Encoding a single message to bytes
----------------------------------

.. code-block:: py

   import avroc

   schema = {
       "namespace": "example.avro",
       "type": "record",
       "name": "User",
       "fields": [
           {"name": "name", "type": "string"},
           {"name": "favorite_number",  "type": ["null", "int"]},
           {"name": "favorite_color", "type": ["null", "string"]}
       ]
   }

   # Construct an encoder (don't do this for every message - it's a
   # bunch of work)
   encoder = avroc.compile_encoder(schema)

   message = {
       "name": "Alice",
       "favorite_number": 42,
       "favorite_color": "green",
   },

   # encoder is a callable, so pass it a message directly.

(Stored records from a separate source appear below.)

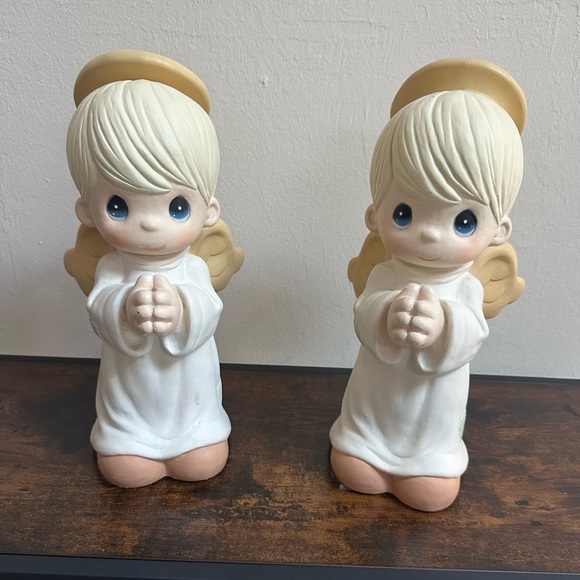 Precious Moments Other - Precious Moments garden angel set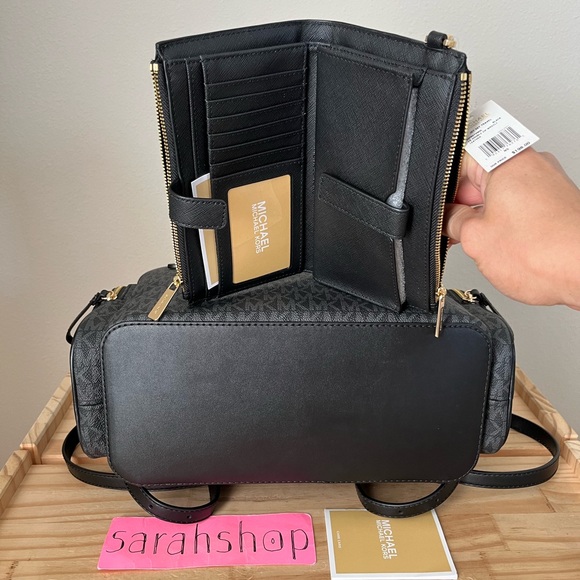 🌼Michael Kors Backpack Set - Picture 5 of 16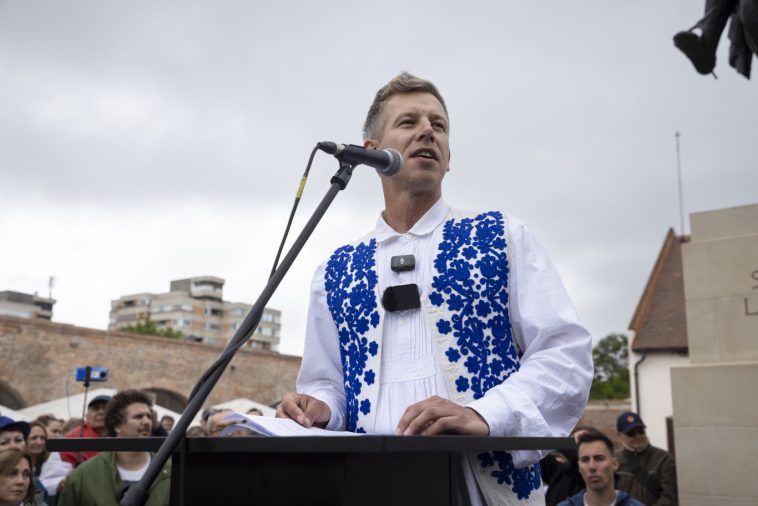 Nemcsak a Fidesz megy vasárnap Kötcsére, hanem Magyar Péter is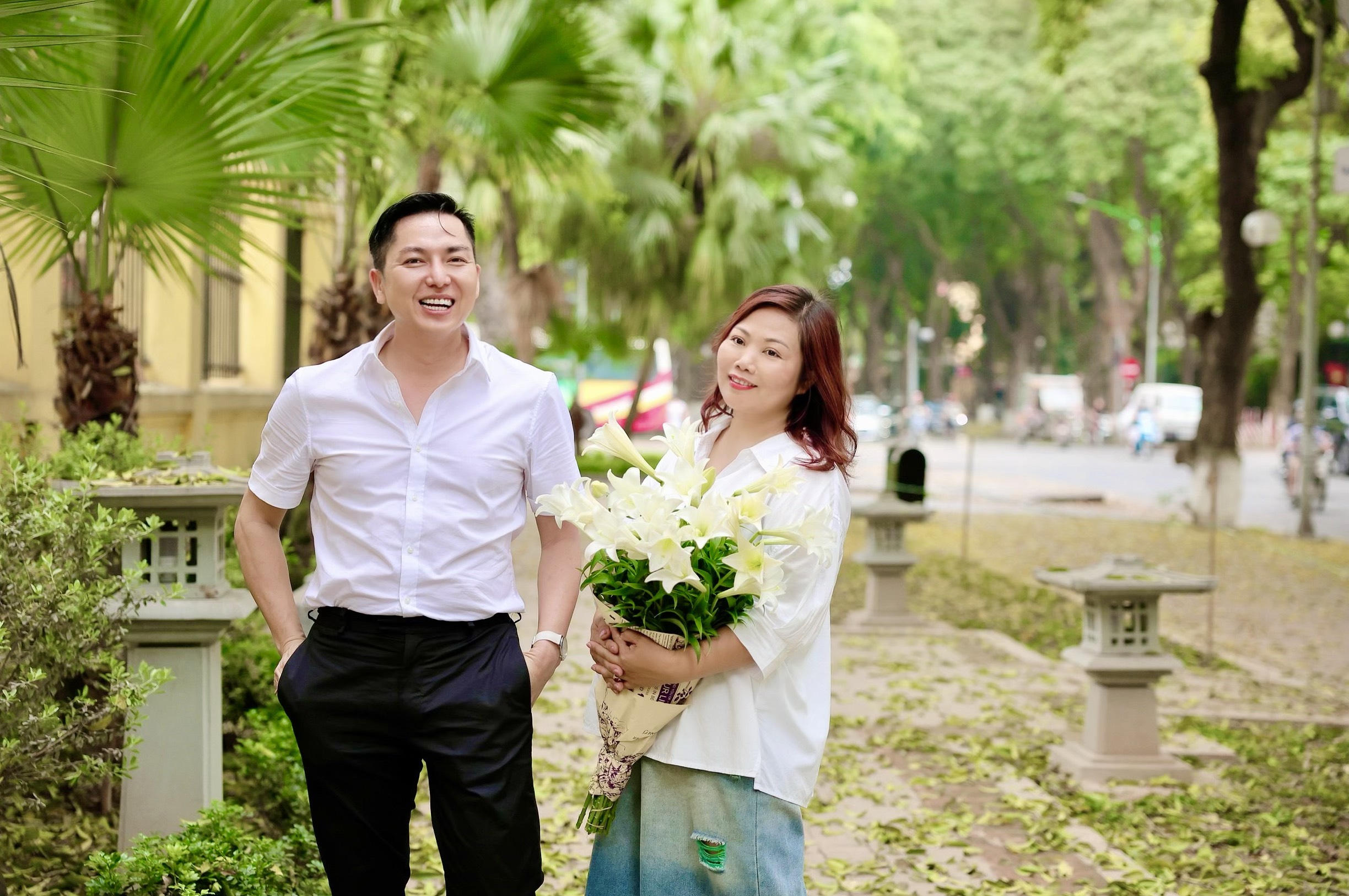 BTV Tuấn Duy thư sinh bên hoa loa kèn Hà Nội- Ảnh 2.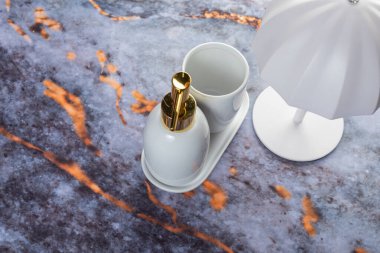 Koyu mermer arka planda her gün banyo aletleri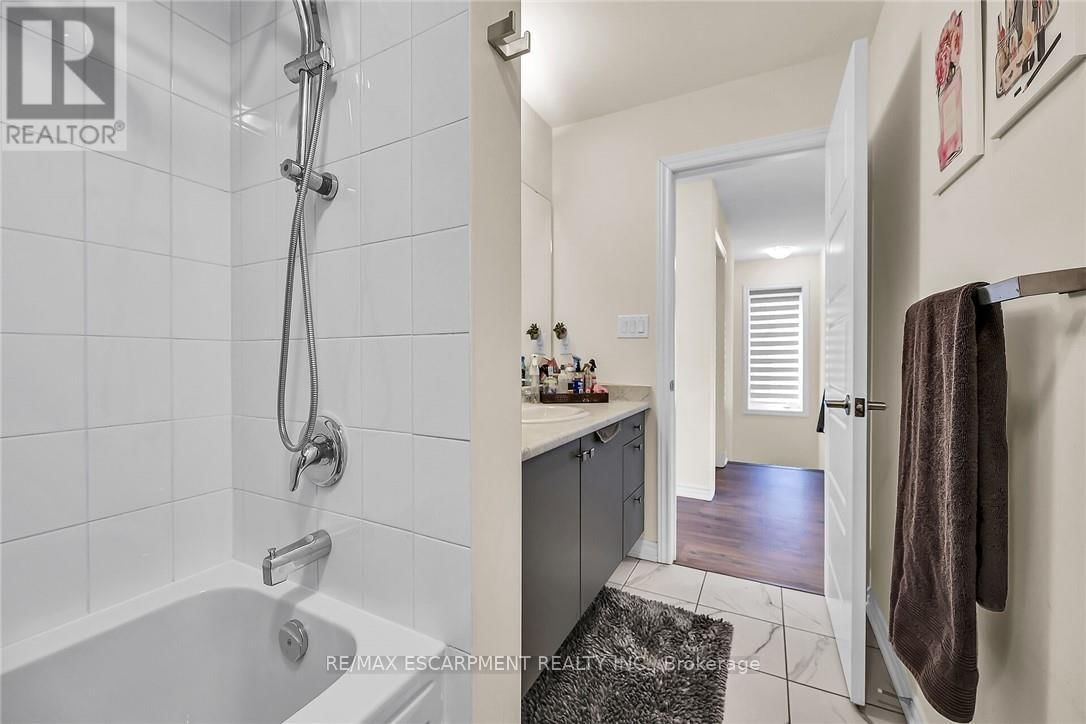 14 OAKTREE DRIVE Image 31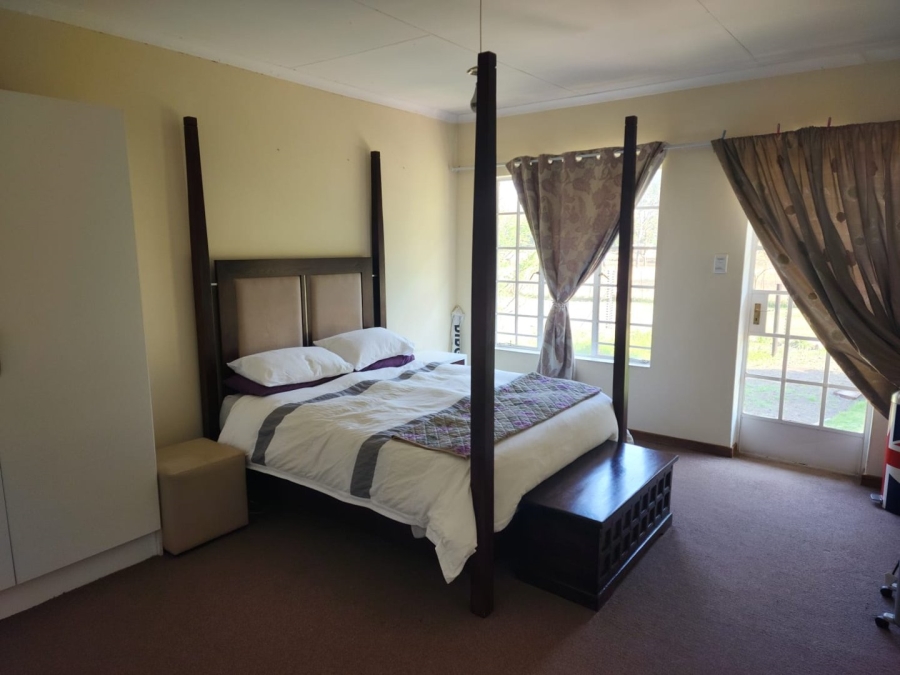 4 Bedroom Property for Sale in Glen Austin Gauteng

The
   # return value is encoded bytes.
   encoded = encoder(message)
   print(repr(encoded))  #  b'\nAlice\x02T\x02\ngreen'

Decoding a single message from bytes
-------------------------------------

.. code-block:: py

   import avroc

   schema = {
       "namespace": "example.avro",
       "type": "record",
       "name": "User",
       "fields": [
           {"name": "name", "type": "string"},
           {"name": "favorite_number",  "type": ["null", "int"]},
           {"name": "favorite_color", "type": ["null", "string"]}
       ]
   }

   # Construct a decoder (don't do this for every message - it's
   # a bunch of work)
   decoder = avroc.message_decoder(schema)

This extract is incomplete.